TASK INPUT:

---

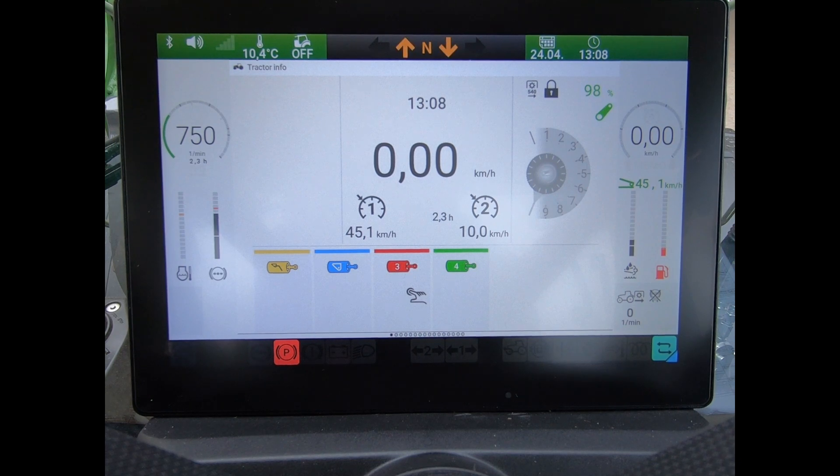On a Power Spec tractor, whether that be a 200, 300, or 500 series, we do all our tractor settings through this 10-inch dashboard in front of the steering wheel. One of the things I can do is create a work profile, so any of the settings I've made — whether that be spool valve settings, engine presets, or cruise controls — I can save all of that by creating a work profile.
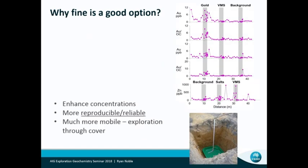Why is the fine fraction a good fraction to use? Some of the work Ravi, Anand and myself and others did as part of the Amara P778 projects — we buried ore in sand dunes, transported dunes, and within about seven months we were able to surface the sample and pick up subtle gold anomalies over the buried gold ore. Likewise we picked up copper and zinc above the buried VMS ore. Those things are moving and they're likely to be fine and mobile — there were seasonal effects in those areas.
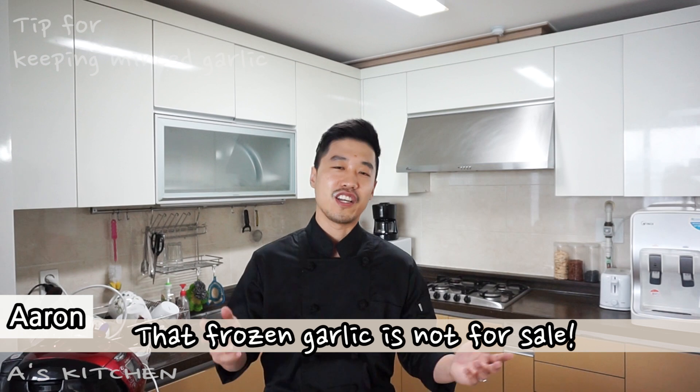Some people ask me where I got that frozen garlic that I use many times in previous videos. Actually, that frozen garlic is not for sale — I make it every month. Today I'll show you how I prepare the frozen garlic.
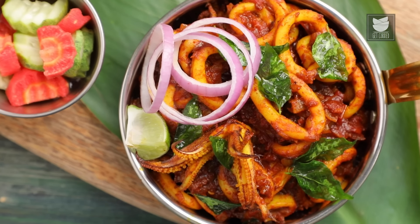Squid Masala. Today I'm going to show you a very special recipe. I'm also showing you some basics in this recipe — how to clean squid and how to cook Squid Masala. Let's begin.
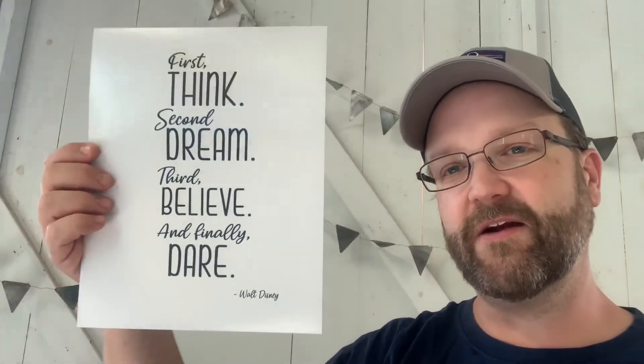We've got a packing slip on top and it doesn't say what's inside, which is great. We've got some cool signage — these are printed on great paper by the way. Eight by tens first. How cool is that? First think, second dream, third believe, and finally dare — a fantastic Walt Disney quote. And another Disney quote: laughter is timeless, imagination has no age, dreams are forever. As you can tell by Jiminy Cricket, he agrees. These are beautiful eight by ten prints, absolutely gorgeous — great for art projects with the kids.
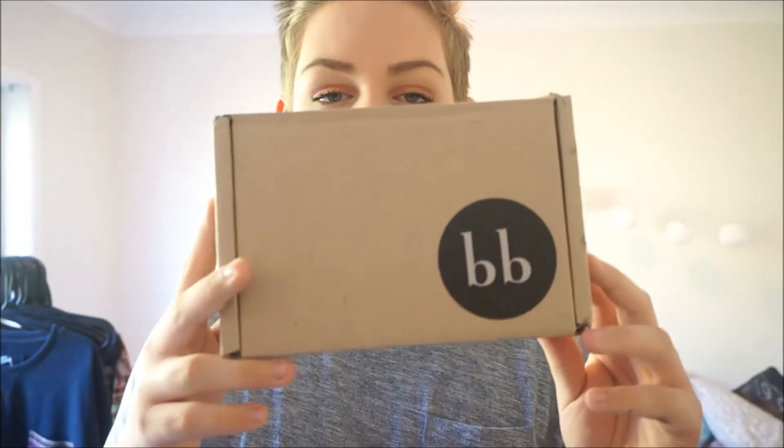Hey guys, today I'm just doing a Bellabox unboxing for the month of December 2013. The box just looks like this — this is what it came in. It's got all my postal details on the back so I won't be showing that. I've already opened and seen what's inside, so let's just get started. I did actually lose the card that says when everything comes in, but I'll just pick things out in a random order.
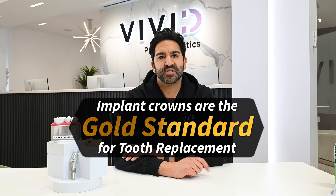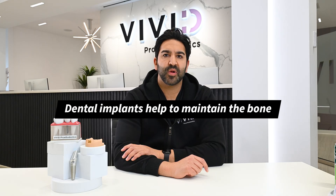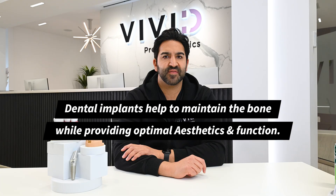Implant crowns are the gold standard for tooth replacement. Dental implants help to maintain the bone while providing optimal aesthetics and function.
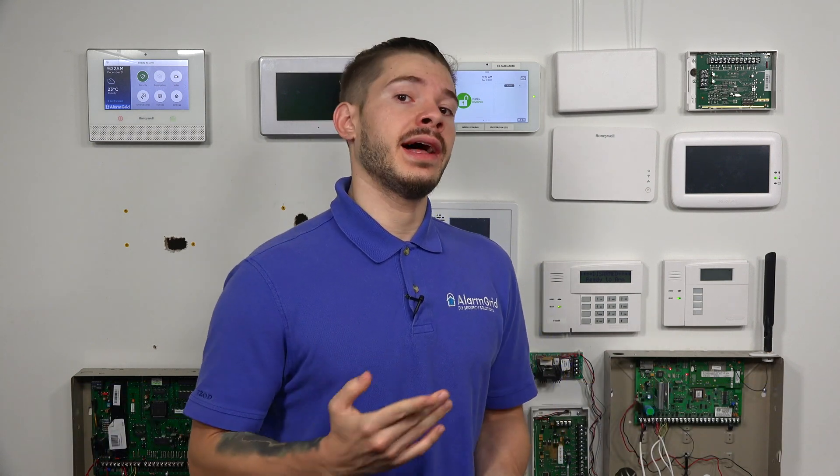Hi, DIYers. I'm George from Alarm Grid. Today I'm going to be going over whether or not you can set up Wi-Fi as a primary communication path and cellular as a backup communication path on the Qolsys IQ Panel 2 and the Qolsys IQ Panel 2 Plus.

---

EXERCISE BRIEF: Only an exact copy is wanted: the lines from the opening of the material through the line that has "Squid Masala. Today", minus any pictures.

ANSWER SECTION:
On a Power Spec tractor, whether that be a 200, 300, or 500 series, we do all our tractor settings through this 10-inch dashboard in front of the steering wheel. One of the things I can do is create a work profile, so any of the settings I've made — whether that be spool valve settings, engine presets, or cruise controls — I can save all of that by creating a work profile.
Why is the fine fraction a good fraction to use? Some of the work Ravi, Anand and myself and others did as part of the Amara P778 projects — we buried ore in sand dunes, transported dunes, and within about seven months we were able to surface the sample and pick up subtle gold anomalies over the buried gold ore. Likewise we picked up copper and zinc above the buried VMS ore. Those things are moving and they're likely to be fine and mobile — there were seasonal effects in those areas.
Some people ask me where I got that frozen garlic that I use many times in previous videos. Actually, that frozen garlic is not for sale — I make it every month. Today I'll show you how I prepare the frozen garlic.
Squid Masala. Today I'm going to show you a very special recipe. I'm also showing you some basics in this recipe — how to clean squid and how to cook Squid Masala. Let's begin.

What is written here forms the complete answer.